The broader market is sending the same signal in softer terms. Yahoo Finance reported in June that analysts see 2026 as the year AI must "foot the bill" after 2025's euphoric run — with concerns about circular financing, where investors fund companies whose revenues flow back to the same ecosystem. Oracle's backlog is not circular on paper; customers are prepaying for real capacity. But the ecosystem rhymes: OpenAI needs Oracle data centers, Oracle needs capital markets, capital markets need OpenAI's IPO to justify the valuation stack. David Roche of Quantum Strategy warned on ET Markets June 19 that AI investment has become "excessive" and "unsustainable," even as the Federal Reserve's inflation fight supports risk appetite. The Magnificent Seven carried the S&P 500 to a 17% gain in 2025. Essaye's research describes the AI enthusiasm as "fractured" — a sorting between winners like Micron, up over 240% year to date, and former darlings like Oracle, punished for spending.
For enterprise buyers, Oracle's selloff is a procurement signal disguised as a Wall Street story. The company remains a credible cloud infrastructure vendor with explosive AI demand behind it. But vendor financial risk is now part of the stack: if your model provider's infrastructure partner cannot finance its buildout without diluting shareholders, capacity commitments, pricing, and delivery timelines become contingent on capital markets that are losing patience. The same week Oracle reported, 42 state attorneys general subpoenaed OpenAI over model behavior ahead of its IPO. Anthropic faced export-control enforcement that took frontier models offline. Washington is simultaneously accelerating AI through executive order and throttling it through trade controls. The industry is asking public markets to fund a dual-use infrastructure buildout while regulators, litigators, and bond markets ask whether the returns justify the risk.

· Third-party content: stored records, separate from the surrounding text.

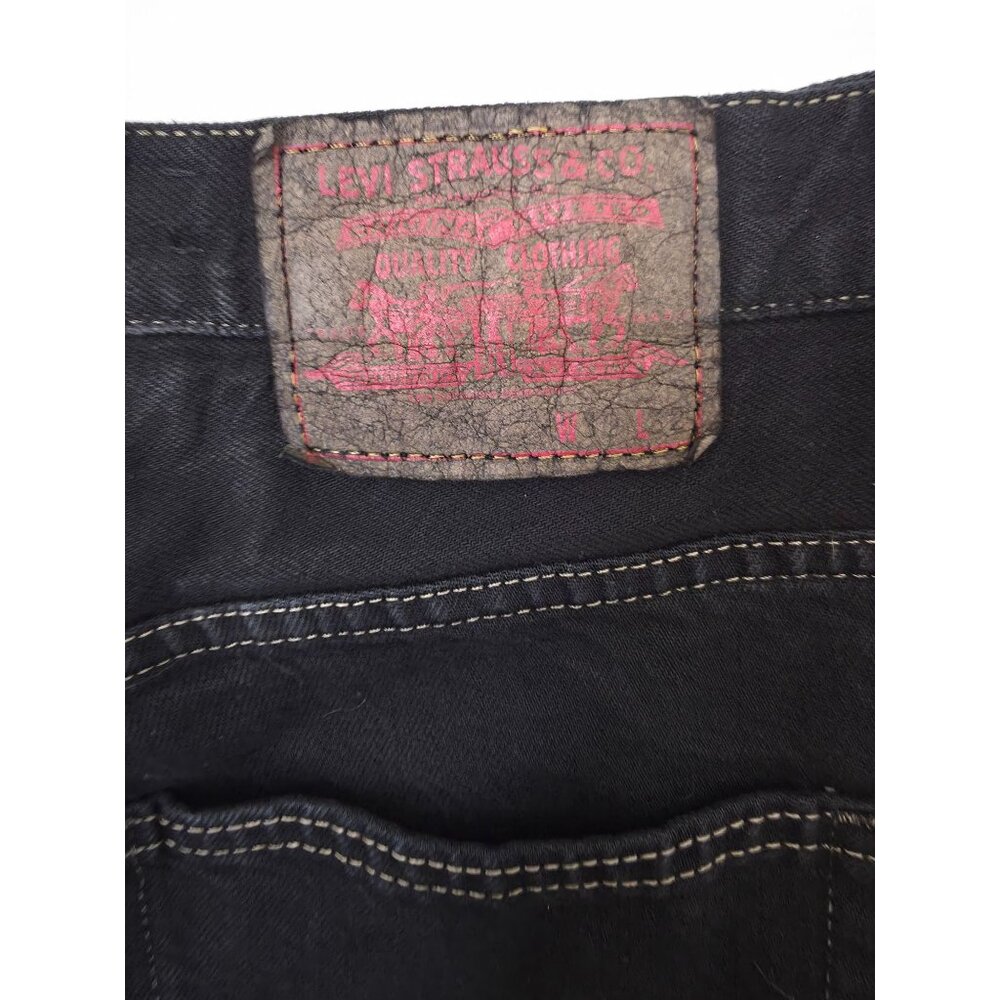 Levi's Black High-Rise Distressed Denim Shorts With Frayed Hem Sz 32x4 - Picture 3 of 5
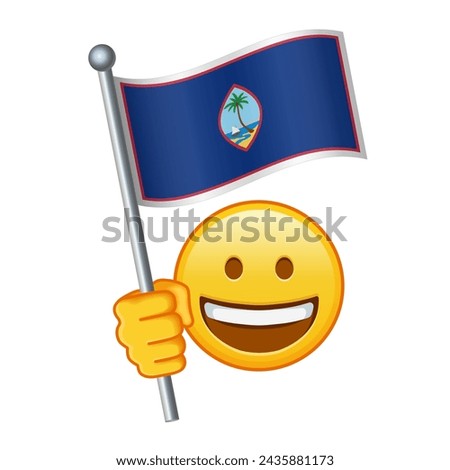 Emoji with Guam flag Large size of yellow emoji smile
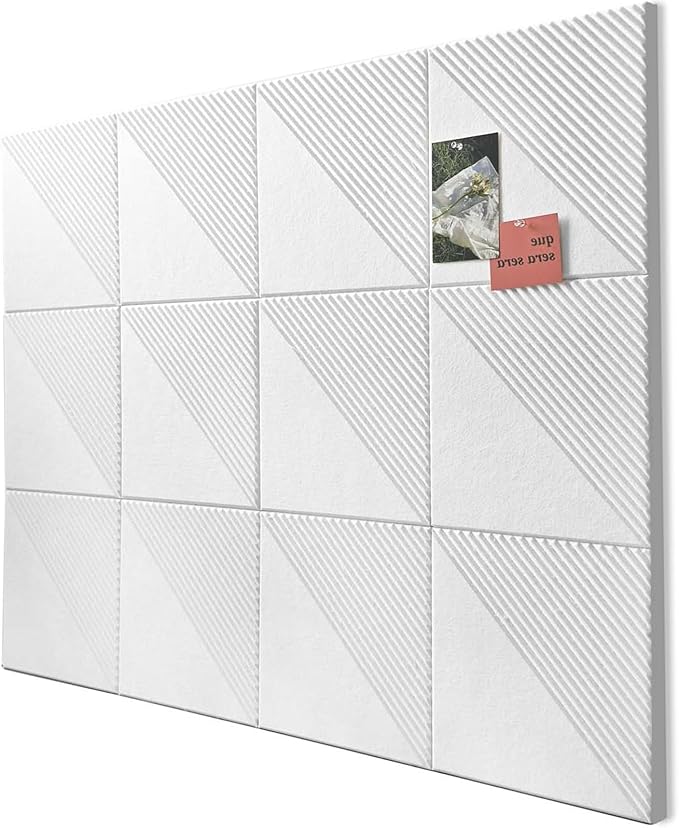 Large Cork Board for Walls 48"x 36", 12 Pack Felt Wall Tiles with Safe Removable Adhesive Tabs, Cork Board for Office,Pinboard Bulletin Board - White-DeskLoop Office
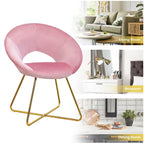 Chaise d'appoint moderne en velours, chaise de coiffeuse rembourrée avec détails dorés - Voir les détails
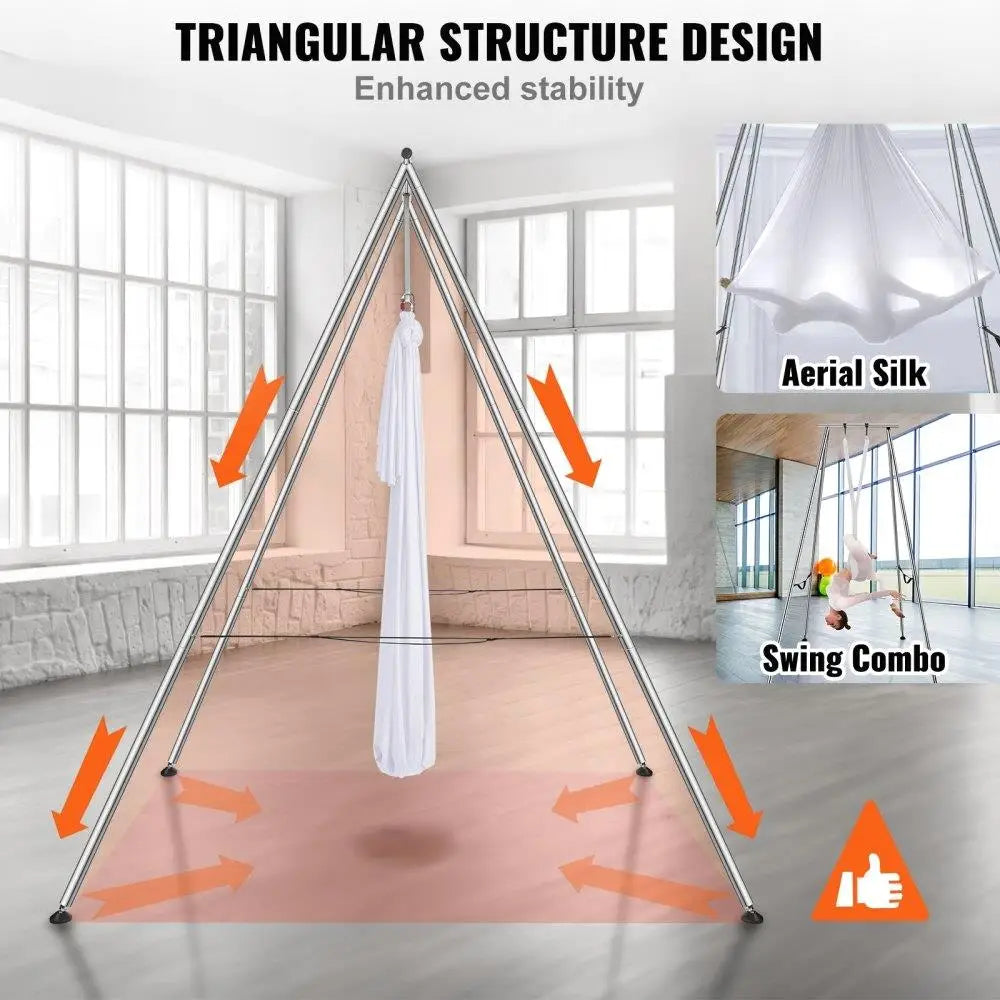 Professional Swing Stand, 6.6 Yds Aerial Hammock, Load Capacity, 551.15 lbs, Indoor 9.6ft High Frame Indoor
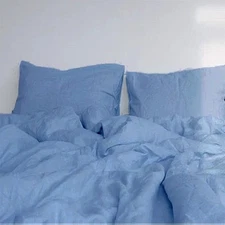 100% Flax  French Linen Duvet (Doona)  Cover Set , Quilt Cover Set, Blue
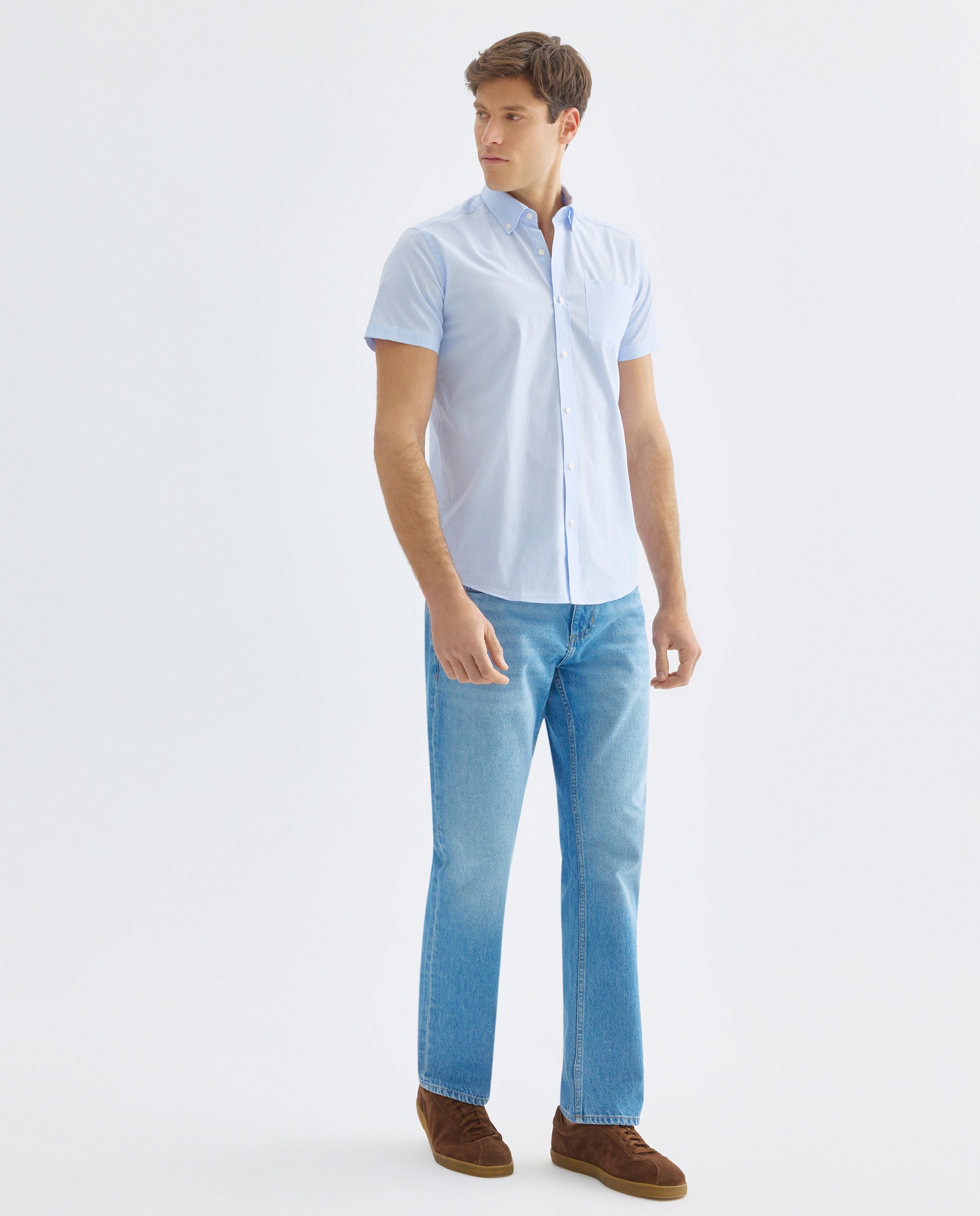 Camisa sport manga corta hombre fácil plancha 410 Azul claro-2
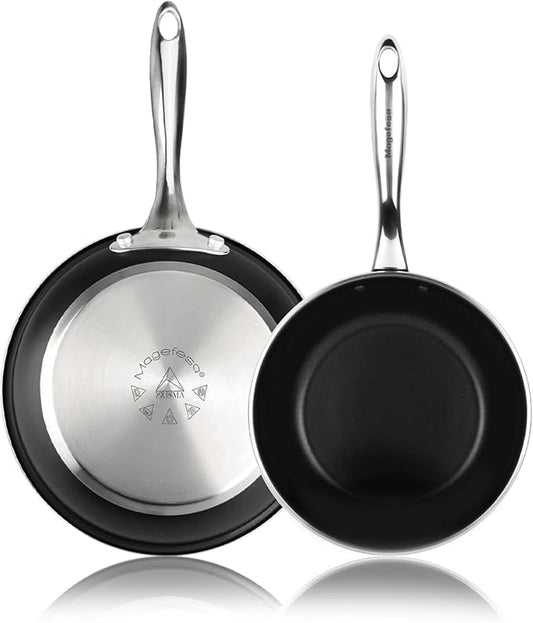 Magefesa Prisma Frying Pan Set, 7.8" & 9.4", 18/10 Stainless Steel, Triple-Layer Nonstick, Works on All Stovetops Including Induction, Oven Safe to 392째F, Dishwasher Safe, Durable Cooking Skillets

Convina's view: Oracle's crash is the AI trade's first honest moment. For two years, the market rewarded any company that announced AI capex — the bigger the spend, the higher the multiple. Oracle followed the script: beat earnings, grow backlog, pledge gigawatts, raise capital. Shareholders responded by cutting the stock's value nearly in half from its peak. That is not a rejection of AI. It is a rejection of AI economics at any price. The infrastructure buildout is real, the demand is contracted, and the technology works. But the financing model — debt, equity, prepayments, and circular ecosystem bets — has a shelf life, and Wall Street just started reading the expiration date. Every enterprise betting on cheap, abundant AI compute should watch Oracle's chart as closely as OpenAI's benchmark scores. The bottleneck may not be chips or power. It may be whether investors will keep paying for the buildout after the IPO roadshows end and the invoices arrive.